Studio album by Simmy
- Released: November 16, 2018
- Label: EL World Music; Sony;
- Producer: Sanele Sithole

Simmy chronology
|  | Tugela Fairy (2018) | Tugela Fairy (Made of Stars) (2020) |

= Tugela Fairy =

Tugela Fairy is a debut album studio by South African singer-songwriter Simmy, released November 16, 2018 through El World Music and Sony. Production was handled by Sun-El Musician.

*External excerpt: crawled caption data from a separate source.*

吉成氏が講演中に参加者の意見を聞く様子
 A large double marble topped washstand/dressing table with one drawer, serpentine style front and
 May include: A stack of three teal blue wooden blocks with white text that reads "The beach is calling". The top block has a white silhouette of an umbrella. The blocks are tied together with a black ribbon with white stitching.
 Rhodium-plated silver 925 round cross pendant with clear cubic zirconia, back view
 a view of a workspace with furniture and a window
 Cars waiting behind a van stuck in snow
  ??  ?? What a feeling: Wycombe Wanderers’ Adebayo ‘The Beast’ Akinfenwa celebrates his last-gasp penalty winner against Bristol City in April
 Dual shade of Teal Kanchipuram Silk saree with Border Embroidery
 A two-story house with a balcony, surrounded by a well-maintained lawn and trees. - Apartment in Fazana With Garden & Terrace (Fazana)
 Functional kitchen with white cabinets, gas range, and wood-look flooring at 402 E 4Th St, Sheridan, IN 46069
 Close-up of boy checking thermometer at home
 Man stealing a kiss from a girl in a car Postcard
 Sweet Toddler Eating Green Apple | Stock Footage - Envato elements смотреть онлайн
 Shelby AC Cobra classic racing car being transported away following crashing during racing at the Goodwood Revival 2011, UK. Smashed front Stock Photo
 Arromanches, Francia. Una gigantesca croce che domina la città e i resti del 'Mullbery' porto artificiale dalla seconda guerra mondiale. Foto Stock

The album was certified Platinum by the Recording Industry of South Africa (RiSA).

Professional ratings
Review scores
| Source | Rating |
| AllMusic | Star |

== Commercial performance ==
Tugela Fairy was certified Platinum by the Recording Industry of South Africa (RiSA).

== Awards ==

At the 25th South African Music Awards the album was nominated for Best Afro Pop album and Newcomer of the Year.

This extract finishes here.